The Ndebele tribe is most well-known for their painted homes, beaded dolls, and their beautiful use of color in both.  To begin, my students learned about the Ndebele's traditional painted homes.

Students first learned the real reasons why the Ndebele people paint their homes.  It's natural to see the painted homes for their visual aesthetic; the symbols and complex expressionistic designs with bold, beautiful coloring are striking against the stark surroundings of South Africa, but the exterior and interior walls of each home are painted to also relay secret messages that can only be distinguished by other Ndebele people.  The painted symbols and expressions communicate personal prayers, self-identification, values, emotions, and marriage.  The women of the Ndebele are accountable for carrying on the tradition of painting the homes; how well the home is painted and kept up is representative of how good a wife and mother the female is.

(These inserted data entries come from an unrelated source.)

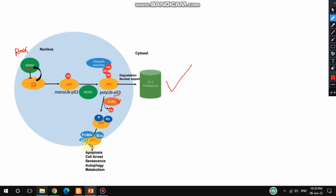Once activated, p53 regulates the transcription of p21. In the p21 promoter, there is a p53 binding site, which is why p53 regulates p21 transcription. p21 is then activated by p53, and p21 inhibits G1 cell cycle progression, causing cell cycle arrest at the G1 checkpoint.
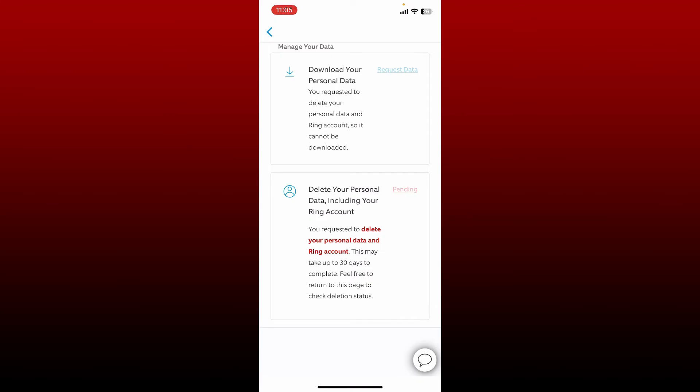You've made a request to delete your account which might take up to 30 days to complete. Now you can get back to this page whenever you want in order to check your account deletion status.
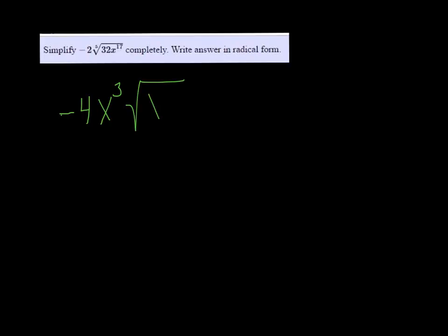Inside the radical is the remainder. When you divide 5 into 17, you get a remainder of 2, so x squared is left inside the radicand.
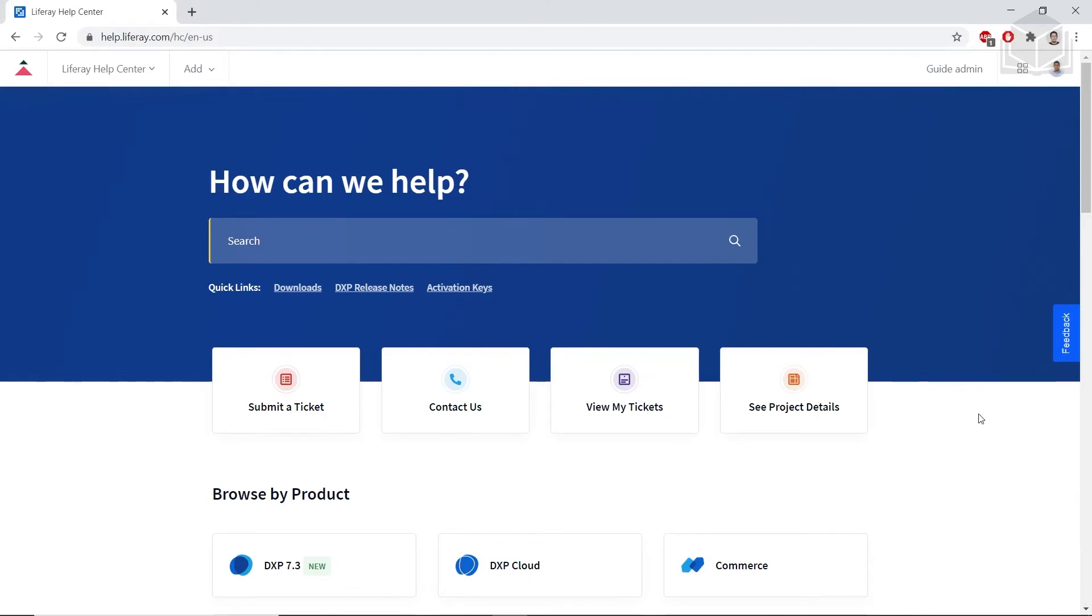The first step is to come to help.liferay.com. You can navigate to this through the URL bar. After you're here, you're going to have to log in to your Liferay account. There should be a login button on the top right. I'm currently logged in, so I won't be doing that here.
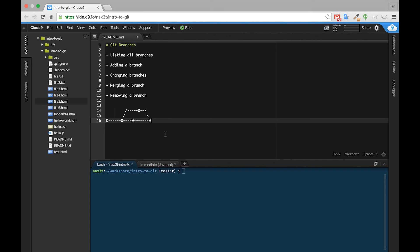Welcome back. In this section we showed you how to list all of your branches, add new branches, change back and forth between branches, merge a branch into another branch, and then remove a branch. In this video we'll review all the steps one by one.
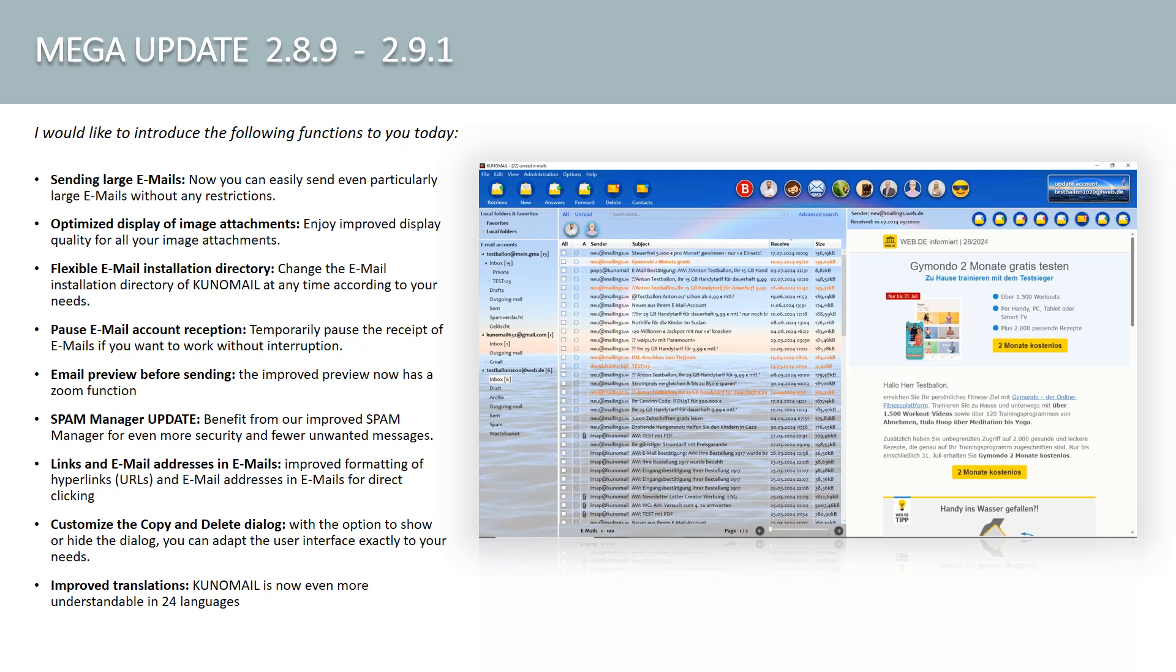Copy and delete customization dialog. With the option to show or hide the dialog, you can customize the user interface to your exact needs. Improved translations. Kuno Mail is now even easier to understand in 24 languages.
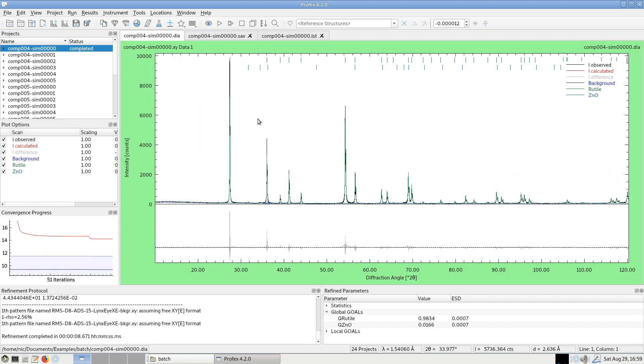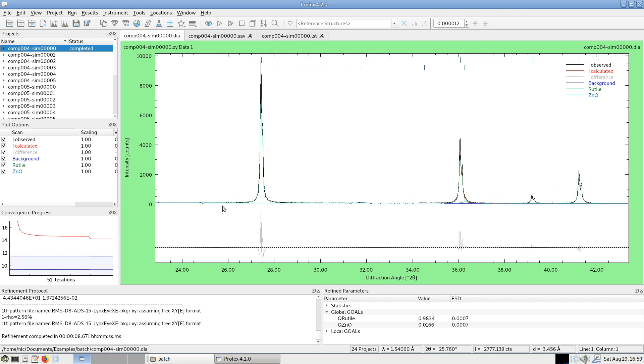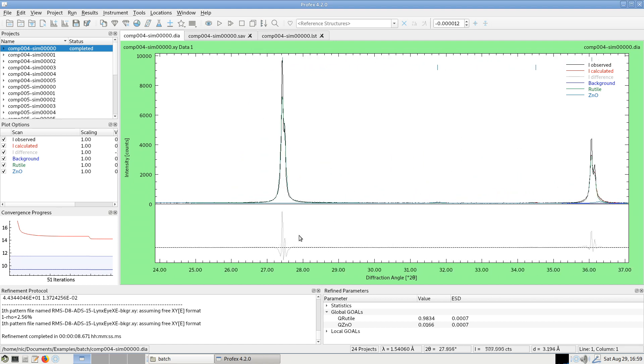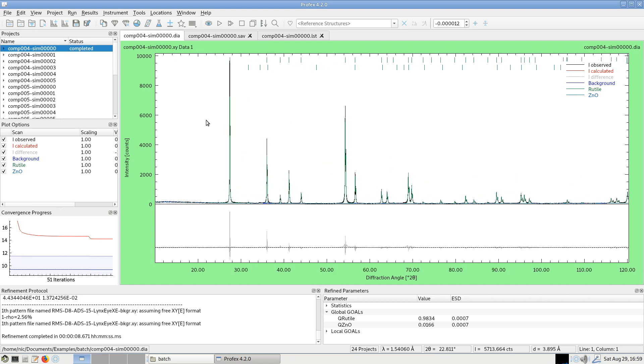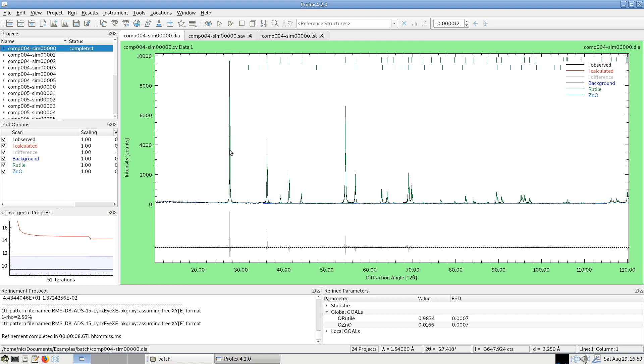Now I need to optimize my refinement strategy. The fit is not yet very good. We can see some pretty strong differences in the difference curve, mainly in intensities. So I will continue as we have learned in a previous episode of the tutorials. I will just optimize my profile refinement of mainly of the rutile phase until I get a really good fit.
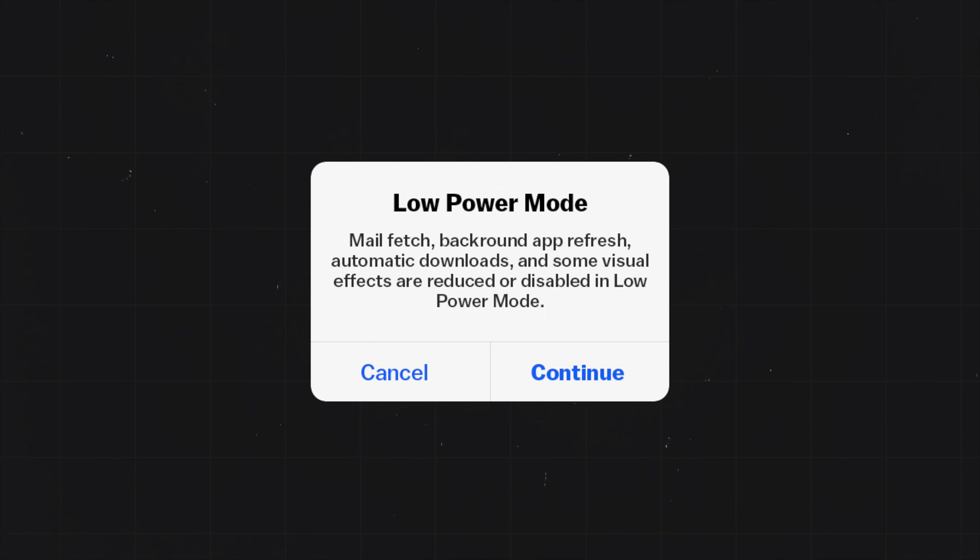Currently, the regular low power mode disables things like mail fetch, background app refresh, automatic downloads, and some visual effects.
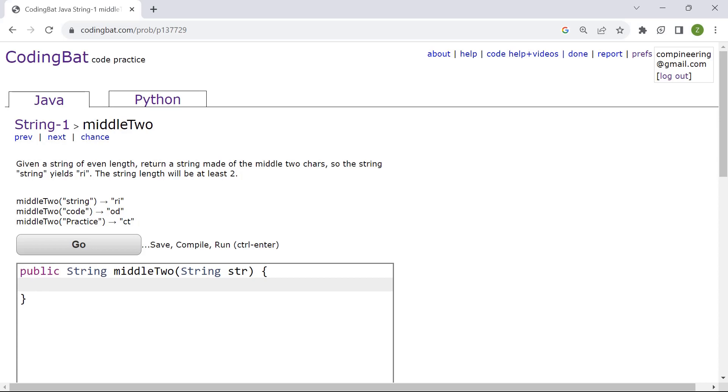We're going to start off by finding the length of the given string. So we've got int and then length. Length will be the variable in this case and int just determines the data type.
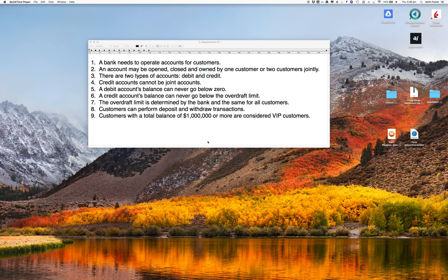Hello everyone. Welcome to the first video in a series for software engineering fundamentals — a series of videos about the software engineering design process. We're going to have a problem to solve: a banking problem, and we're going to take it step by step through the design process. The first video is about requirements analysis, part one.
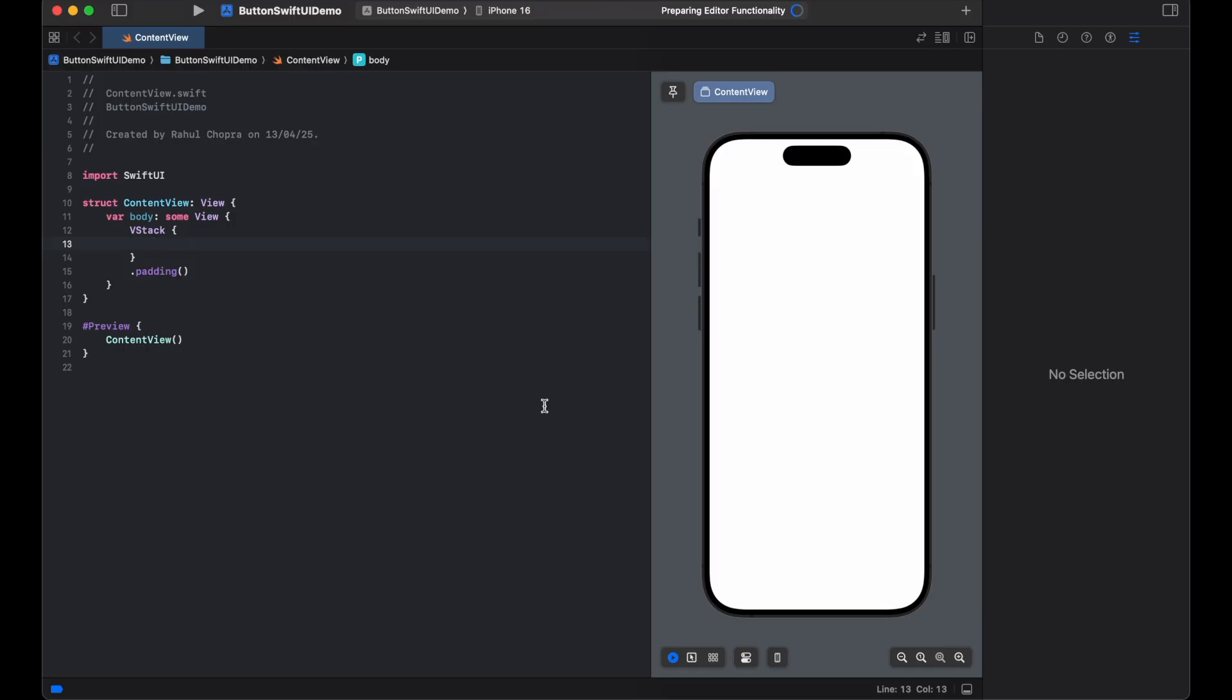Hey everyone, welcome back to Creative Study. In today's SwiftUI quick tip, I am going to show you how to create a beautiful rounded button with a tap action, perfect for iOS applications.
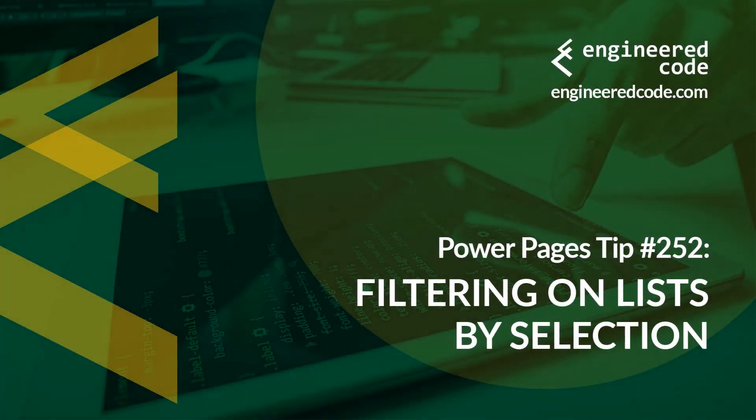Hello everyone and welcome to Power Pages Tips. My name is Nicholas Heyduke and this is tip number 252, Filtering on Lists by Selection.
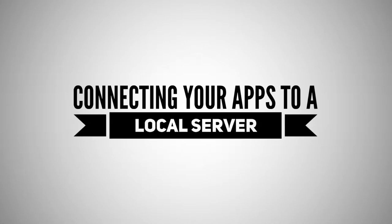Hello, my name is Mark, and today I'm going to show you how to connect your local server to an Android or iOS mobile application that you're building.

To paint the homes, women first begin with whitewashing the walls.  Next, they apply a thick black outline of their distinctive design.  After the outline is dry, five main colors are used: red, yellow (gold), blue, green, and pink.  The secret messages are sent through the color combinations applied to the walls.  Over time, the traditional techniques of painting has adapted and modernized.  In present day, the women of the Ndeblele use bundled twigs with feathers as brushes to apply the paint, rather then using their fingers as in the past. Advancements in the tools used have allowed the patterns and designs to grow in size and in complexity, making the homes today even more remarkable and impacting.

After learning about the painted homes of the Ndebele people, my students could not wait to learn about their dolls the following week.  They were surprised to hear that the Linga Koba dolls hold significant ritual importance in the lives of the Ndebele people and are not used for amusement purposes of a child.  The dolls are handmade with beads, fiber, and thread.  It takes countless hours to construct each doll and they are cherished being passed on from generation to generation.  During courtship, a suitor places a doll outside a young woman’s hut, representing his intention to propose marriage.  While preparing for the marriage the women then cares for the doll, which one day will be passed on to her own daughter.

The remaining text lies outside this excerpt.